## RAW DATA:
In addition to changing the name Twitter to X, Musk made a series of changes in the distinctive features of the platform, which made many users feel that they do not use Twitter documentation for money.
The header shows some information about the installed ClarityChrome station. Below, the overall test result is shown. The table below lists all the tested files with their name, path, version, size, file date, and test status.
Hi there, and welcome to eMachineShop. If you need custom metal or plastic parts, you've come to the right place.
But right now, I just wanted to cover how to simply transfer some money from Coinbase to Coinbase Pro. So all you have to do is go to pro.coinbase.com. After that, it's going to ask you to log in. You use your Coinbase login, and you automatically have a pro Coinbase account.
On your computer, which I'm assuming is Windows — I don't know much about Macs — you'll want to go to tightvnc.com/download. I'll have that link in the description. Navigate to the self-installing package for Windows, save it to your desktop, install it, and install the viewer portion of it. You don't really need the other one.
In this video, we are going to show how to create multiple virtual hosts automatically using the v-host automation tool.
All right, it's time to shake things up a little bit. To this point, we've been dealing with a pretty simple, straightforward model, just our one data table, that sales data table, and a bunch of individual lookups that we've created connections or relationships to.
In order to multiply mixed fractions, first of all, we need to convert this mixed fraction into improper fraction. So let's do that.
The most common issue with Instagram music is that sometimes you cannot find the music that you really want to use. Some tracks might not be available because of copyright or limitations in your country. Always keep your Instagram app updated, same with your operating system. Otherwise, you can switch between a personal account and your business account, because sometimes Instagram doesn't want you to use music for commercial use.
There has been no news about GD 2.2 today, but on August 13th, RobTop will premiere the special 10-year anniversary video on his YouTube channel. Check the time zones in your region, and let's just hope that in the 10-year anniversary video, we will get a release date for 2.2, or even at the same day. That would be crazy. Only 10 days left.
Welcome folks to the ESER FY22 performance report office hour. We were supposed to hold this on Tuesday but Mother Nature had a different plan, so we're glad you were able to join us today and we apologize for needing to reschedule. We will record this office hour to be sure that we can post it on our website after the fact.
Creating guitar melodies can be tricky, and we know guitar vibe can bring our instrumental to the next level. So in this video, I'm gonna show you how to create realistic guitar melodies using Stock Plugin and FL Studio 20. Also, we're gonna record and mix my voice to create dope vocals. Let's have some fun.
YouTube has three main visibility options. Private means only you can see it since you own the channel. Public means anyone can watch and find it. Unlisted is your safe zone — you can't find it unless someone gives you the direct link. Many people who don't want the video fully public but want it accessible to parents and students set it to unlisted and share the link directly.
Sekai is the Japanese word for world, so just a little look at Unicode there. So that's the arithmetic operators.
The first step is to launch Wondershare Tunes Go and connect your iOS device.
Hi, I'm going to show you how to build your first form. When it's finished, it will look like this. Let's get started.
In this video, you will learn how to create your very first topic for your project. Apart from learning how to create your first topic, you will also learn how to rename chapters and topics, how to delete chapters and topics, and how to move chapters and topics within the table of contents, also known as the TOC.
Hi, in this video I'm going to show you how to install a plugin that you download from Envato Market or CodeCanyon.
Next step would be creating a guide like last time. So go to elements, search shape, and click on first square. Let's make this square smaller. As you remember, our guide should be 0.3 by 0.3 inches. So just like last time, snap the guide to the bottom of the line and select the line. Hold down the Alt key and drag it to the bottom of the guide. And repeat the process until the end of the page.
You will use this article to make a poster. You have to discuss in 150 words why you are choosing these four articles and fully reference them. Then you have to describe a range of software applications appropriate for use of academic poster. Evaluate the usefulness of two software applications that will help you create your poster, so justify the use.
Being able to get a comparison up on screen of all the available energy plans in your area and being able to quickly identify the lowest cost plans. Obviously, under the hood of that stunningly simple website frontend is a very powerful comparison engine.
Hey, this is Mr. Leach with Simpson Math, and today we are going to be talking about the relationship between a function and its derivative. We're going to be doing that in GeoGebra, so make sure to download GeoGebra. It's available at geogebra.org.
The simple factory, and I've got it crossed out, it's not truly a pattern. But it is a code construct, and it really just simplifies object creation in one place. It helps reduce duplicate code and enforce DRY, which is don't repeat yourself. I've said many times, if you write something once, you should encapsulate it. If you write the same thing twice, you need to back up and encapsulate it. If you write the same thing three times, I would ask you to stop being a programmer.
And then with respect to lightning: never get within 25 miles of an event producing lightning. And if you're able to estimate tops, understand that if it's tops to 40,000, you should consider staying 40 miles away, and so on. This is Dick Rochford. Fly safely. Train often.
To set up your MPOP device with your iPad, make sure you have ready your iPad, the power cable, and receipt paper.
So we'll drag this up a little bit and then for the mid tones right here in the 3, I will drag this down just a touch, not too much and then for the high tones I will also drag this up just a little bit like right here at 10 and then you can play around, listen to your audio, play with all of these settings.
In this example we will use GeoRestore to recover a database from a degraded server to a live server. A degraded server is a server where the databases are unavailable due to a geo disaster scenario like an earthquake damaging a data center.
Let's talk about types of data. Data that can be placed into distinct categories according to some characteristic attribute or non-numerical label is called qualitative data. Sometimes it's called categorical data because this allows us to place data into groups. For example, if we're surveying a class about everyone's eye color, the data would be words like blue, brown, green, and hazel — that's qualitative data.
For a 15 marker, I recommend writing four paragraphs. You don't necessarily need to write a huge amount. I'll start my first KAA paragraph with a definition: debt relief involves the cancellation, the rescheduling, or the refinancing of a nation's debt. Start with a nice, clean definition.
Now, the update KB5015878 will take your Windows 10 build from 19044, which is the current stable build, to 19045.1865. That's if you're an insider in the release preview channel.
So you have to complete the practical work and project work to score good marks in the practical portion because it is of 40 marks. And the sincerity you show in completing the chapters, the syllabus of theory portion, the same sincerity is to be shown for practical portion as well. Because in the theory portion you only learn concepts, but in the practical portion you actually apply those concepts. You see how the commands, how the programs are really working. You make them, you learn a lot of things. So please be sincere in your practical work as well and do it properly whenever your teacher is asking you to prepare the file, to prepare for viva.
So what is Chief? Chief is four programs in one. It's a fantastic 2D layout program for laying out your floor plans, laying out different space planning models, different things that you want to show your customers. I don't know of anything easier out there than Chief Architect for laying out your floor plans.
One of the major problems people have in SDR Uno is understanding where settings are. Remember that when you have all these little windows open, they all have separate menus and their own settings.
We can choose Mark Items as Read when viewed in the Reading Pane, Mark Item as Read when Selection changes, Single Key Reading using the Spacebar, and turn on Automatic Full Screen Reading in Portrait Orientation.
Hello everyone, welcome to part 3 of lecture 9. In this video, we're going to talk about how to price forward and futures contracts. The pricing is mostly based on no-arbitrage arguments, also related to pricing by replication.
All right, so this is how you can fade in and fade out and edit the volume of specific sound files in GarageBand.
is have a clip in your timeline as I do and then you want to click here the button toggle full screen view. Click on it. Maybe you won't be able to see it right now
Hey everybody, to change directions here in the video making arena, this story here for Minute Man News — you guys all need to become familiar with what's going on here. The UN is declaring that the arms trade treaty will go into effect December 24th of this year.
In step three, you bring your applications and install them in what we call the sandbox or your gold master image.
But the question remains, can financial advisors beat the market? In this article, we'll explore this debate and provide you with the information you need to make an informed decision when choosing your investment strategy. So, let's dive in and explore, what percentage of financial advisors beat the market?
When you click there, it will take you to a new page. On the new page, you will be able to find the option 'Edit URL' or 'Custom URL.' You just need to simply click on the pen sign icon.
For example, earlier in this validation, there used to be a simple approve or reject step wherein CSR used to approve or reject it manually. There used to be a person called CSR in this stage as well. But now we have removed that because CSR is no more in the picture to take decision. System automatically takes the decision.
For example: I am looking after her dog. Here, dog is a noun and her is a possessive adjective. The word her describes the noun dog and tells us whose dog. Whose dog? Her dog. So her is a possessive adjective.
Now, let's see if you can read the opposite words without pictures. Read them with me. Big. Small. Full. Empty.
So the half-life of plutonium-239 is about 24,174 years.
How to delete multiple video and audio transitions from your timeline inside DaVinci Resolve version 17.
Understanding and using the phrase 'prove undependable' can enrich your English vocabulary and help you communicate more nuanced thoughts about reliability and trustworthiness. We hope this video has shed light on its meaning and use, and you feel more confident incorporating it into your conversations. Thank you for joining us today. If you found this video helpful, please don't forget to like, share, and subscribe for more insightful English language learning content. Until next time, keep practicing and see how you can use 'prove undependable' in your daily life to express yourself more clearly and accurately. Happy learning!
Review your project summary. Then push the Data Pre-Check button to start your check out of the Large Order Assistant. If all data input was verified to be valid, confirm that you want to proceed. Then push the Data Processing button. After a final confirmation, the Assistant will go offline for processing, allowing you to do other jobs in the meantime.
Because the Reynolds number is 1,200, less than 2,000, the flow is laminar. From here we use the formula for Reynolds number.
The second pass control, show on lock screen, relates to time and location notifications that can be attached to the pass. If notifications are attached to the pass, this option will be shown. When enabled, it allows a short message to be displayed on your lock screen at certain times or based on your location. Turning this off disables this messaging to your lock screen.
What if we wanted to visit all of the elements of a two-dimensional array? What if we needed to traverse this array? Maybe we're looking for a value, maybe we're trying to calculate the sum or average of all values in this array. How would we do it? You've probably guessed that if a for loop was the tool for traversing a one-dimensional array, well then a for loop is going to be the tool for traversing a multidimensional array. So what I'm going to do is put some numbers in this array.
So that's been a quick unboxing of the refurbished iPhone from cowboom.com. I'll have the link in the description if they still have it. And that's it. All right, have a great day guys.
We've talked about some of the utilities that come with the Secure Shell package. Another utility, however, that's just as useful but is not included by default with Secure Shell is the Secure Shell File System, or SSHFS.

## WHAT THE TASK REQUIRES:
Everything above from the line with "There has been" to the line with "In this video, you", both included, must be repeated exactly, and nothing outside that range.

## EXPECTED OUTPUT:
There has been no news about GD 2.2 today, but on August 13th, RobTop will premiere the special 10-year anniversary video on his YouTube channel. Check the time zones in your region, and let's just hope that in the 10-year anniversary video, we will get a release date for 2.2, or even at the same day. That would be crazy. Only 10 days left.
Welcome folks to the ESER FY22 performance report office hour. We were supposed to hold this on Tuesday but Mother Nature had a different plan, so we're glad you were able to join us today and we apologize for needing to reschedule. We will record this office hour to be sure that we can post it on our website after the fact.
Creating guitar melodies can be tricky, and we know guitar vibe can bring our instrumental to the next level. So in this video, I'm gonna show you how to create realistic guitar melodies using Stock Plugin and FL Studio 20. Also, we're gonna record and mix my voice to create dope vocals. Let's have some fun.
YouTube has three main visibility options. Private means only you can see it since you own the channel. Public means anyone can watch and find it. Unlisted is your safe zone — you can't find it unless someone gives you the direct link. Many people who don't want the video fully public but want it accessible to parents and students set it to unlisted and share the link directly.
Sekai is the Japanese word for world, so just a little look at Unicode there. So that's the arithmetic operators.
The first step is to launch Wondershare Tunes Go and connect your iOS device.
Hi, I'm going to show you how to build your first form. When it's finished, it will look like this. Let's get started.
In this video, you will learn how to create your very first topic for your project. Apart from learning how to create your first topic, you will also learn how to rename chapters and topics, how to delete chapters and topics, and how to move chapters and topics within the table of contents, also known as the TOC.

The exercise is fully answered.